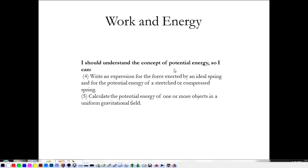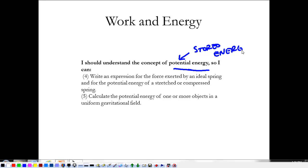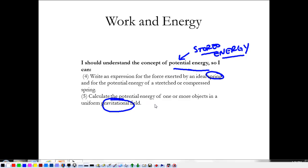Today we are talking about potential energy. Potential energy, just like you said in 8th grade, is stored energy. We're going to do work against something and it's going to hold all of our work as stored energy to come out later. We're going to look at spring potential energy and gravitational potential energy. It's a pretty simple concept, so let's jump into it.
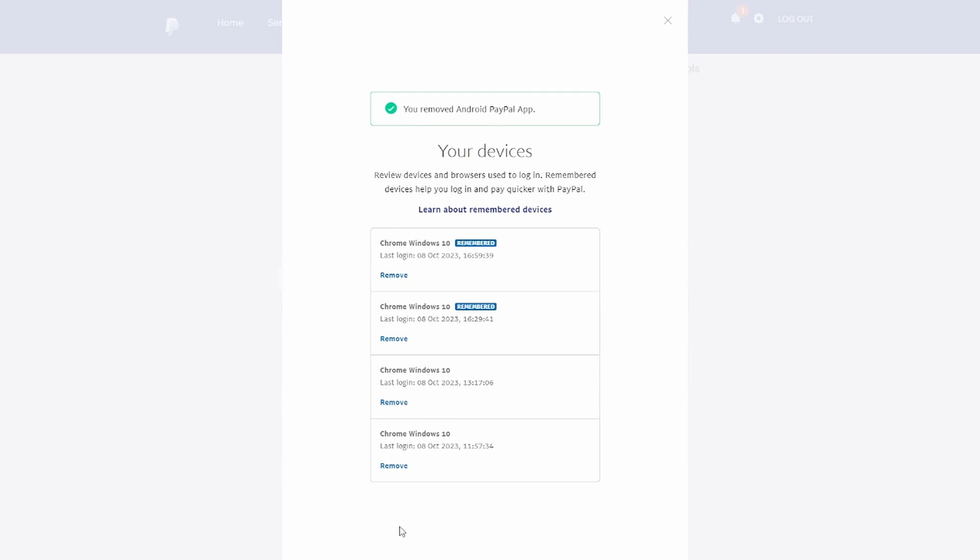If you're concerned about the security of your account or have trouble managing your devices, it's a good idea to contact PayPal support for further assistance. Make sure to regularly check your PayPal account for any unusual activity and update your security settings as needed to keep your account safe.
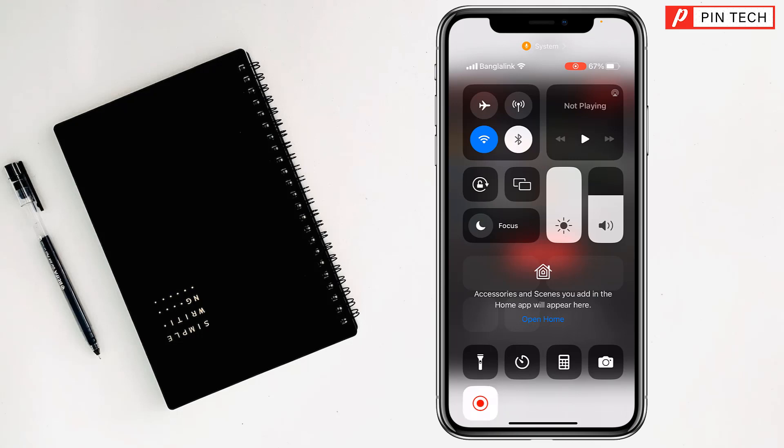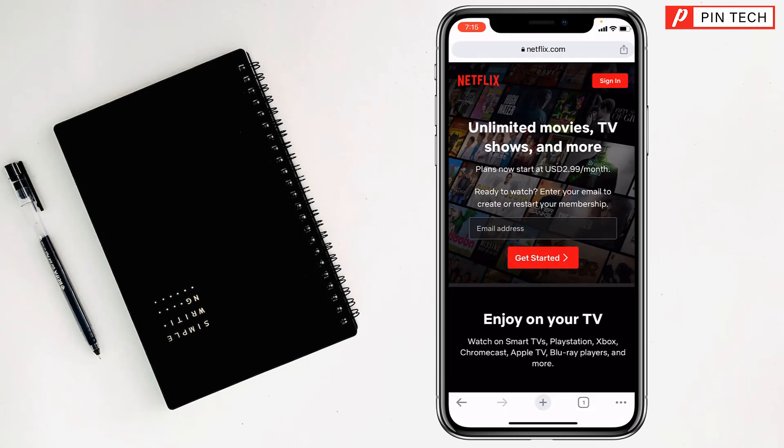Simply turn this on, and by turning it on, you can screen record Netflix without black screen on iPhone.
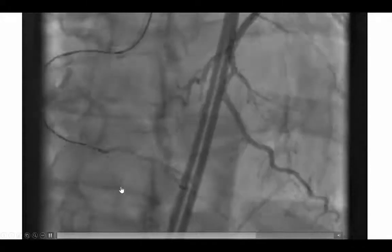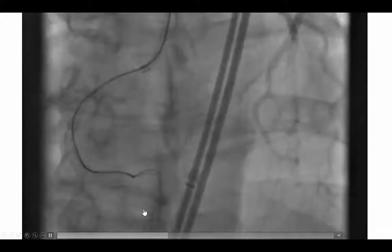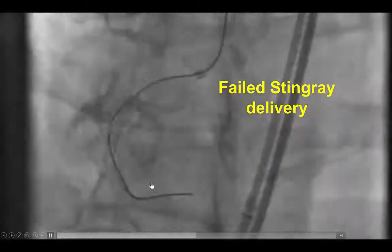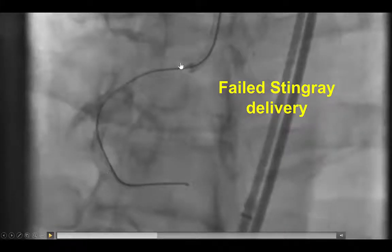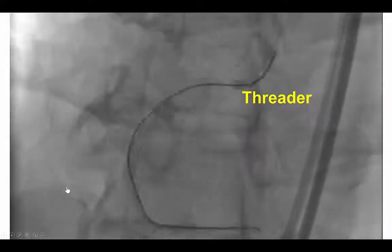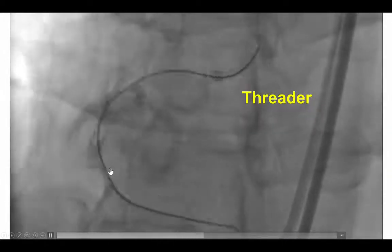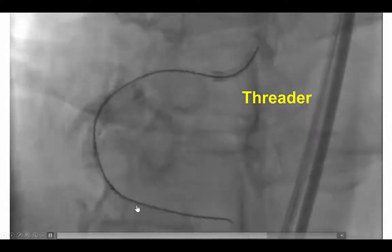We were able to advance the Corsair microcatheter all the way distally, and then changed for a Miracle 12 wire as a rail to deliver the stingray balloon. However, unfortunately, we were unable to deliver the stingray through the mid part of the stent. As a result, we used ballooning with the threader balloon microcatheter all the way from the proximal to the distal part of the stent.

########

- _Assignment_
Exactly as given, set down each line of the material, but include no pictures.

- _Solution to the problem_
Today we are talking about potential energy. Potential energy, just like you said in 8th grade, is stored energy. We're going to do work against something and it's going to hold all of our work as stored energy to come out later. We're going to look at spring potential energy and gravitational potential energy. It's a pretty simple concept, so let's jump into it.
If you're concerned about the security of your account or have trouble managing your devices, it's a good idea to contact PayPal support for further assistance. Make sure to regularly check your PayPal account for any unusual activity and update your security settings as needed to keep your account safe.
Simply turn this on, and by turning it on, you can screen record Netflix without black screen on iPhone.
We were able to advance the Corsair microcatheter all the way distally, and then changed for a Miracle 12 wire as a rail to deliver the stingray balloon. However, unfortunately, we were unable to deliver the stingray through the mid part of the stent. As a result, we used ballooning with the threader balloon microcatheter all the way from the proximal to the distal part of the stent.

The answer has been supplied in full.